Jedes ästhetische Konzept (und die Agelastie ist eines) eröffnet Probleme ohne Ende. Jene, die Rabelais einst aus ideologischen (theologischen) Motiven in Grund und Boden verdammten, wurden dazu durch etwas noch tiefer Liegendes angestachelt als die Treue zu einem abstrakten Dogma. Es war eine ästhetische Missbilligung, die sie aufbrachte: die abgrundtiefe Missbilligung des Unernsten; die Empörung gegen den Skandal eines deplatzierten Lachens.

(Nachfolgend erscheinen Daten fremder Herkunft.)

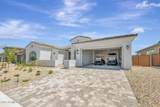 18915 Lawrence Road - Photo 2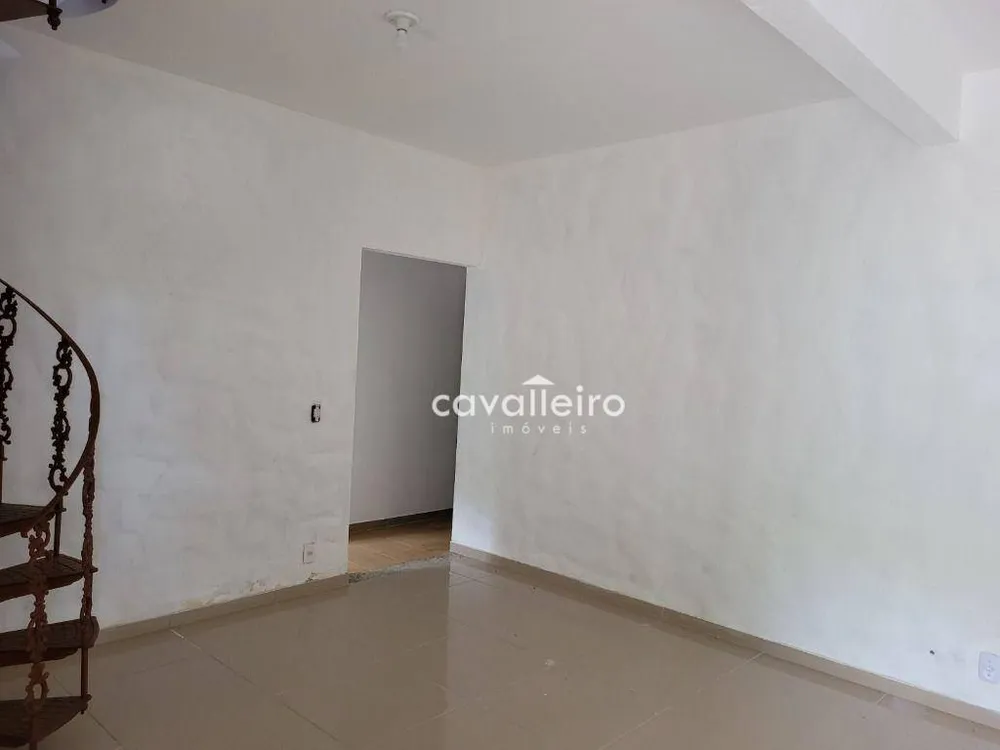 Casa, 3 quartos, 162 m² - Foto 15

Dass die Agelasten dazu neigen, in jedem Scherz ein Sakrileg zu sehen, liegt nämlich daran, dass jeder Scherz ein Sakrileg ist. Es gibt eine unüberwindliche Unvereinbarkeit zwischen dem Komischen und dem Heiligen, und man kann sich nur fragen, wo das Heilige anfängt und wo es aufhört. Ist es einzig auf die Kirche beschränkt? Oder reicht es weiter, schließt es auch die so genannten hehren weltlichen Werte ein: Mutterschaft, Liebe, Patriotismus, Menschenwürde? Jene, für die das Leben ganz und gar, ohne Einschränkung heilig ist, reagieren mit offener oder heimlicher Verärgerung auf jeden Witz, da sich im kleinsten Witz das Komische offenbart, das als solches eine Schmähung der Heiligkeit des Lebens darstellt.

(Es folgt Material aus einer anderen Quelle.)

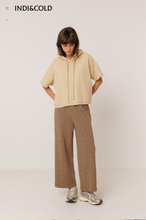 Load image into Gallery viewer, PANTALÓN CULOTTE JAMES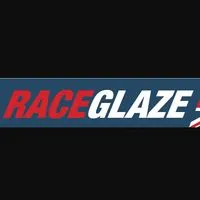 Race Glaze avatar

Man wird das Komische nur verstehen, wenn man die Agelasten versteht. Ihr Vorhandensein verleiht dem Komischen seine volle Bedeutung, zeigt es als eine Herausforderung, ein Risiko, enthüllt seine dramatische Natur.
Der Humor
IM „Don Quijote“ vernimmt man ein Lachen, wie es einem aus den mittelalterlichen Farcen entgegenschallt: man lacht über den Ritter, der statt eines Helms ein Bartbecken auf dem Kopf trägt, man lacht über seinen Diener, der eine Tracht Prügel bekommt. Doch neben dieser oft stereotypen, oft grausamen Komik lässt Cervantes uns eine ganz andere, subtilere auskosten:
Ein liebenswürdiger Landedelmann lädt Don Quijote in sein Haus ein, das er mit seinem Sohn, einem Dichter, bewohnt. Der Sohn, klarsichtiger als sein Vater, erkennt in dem Gast sofort einen Verrückten und bleibt betont auf Abstand. Dann fordert Don Quijote den jungen Mann auf, ihm seine Dichtung vorzulesen; der gehorcht eifrig, und Don Quijote lobt seine Begabung in den höchsten Tönen. Geschmeichelt und glücklich, ist der Sohn auf einmal überwältigt von der Intelligenz des Gastes und vergisst auf der Stelle dessen Verrücktheit. Wer also ist der verrücktere, der Verrückte, der den Klarsichtigen lobt, oder der Klarsichtige, der das Lob des Verrückten glaubt? Damit sind wir in die Sphäre einer anderen Komik eingetreten, einer feineren, unendlich kostbaren. Wir lachen nicht, weil jemand lächerlich gemacht, verspottet oder gar gedemütigt wird, sondern weil eine Realität sich plötzlich in ihrer Mehrdeutigkeit zeigt, weil die Dinge ihre sichtbare Bedeutung einbüßen, die Menschen sich als anders erweisen, als sie selbst zu sein meinen.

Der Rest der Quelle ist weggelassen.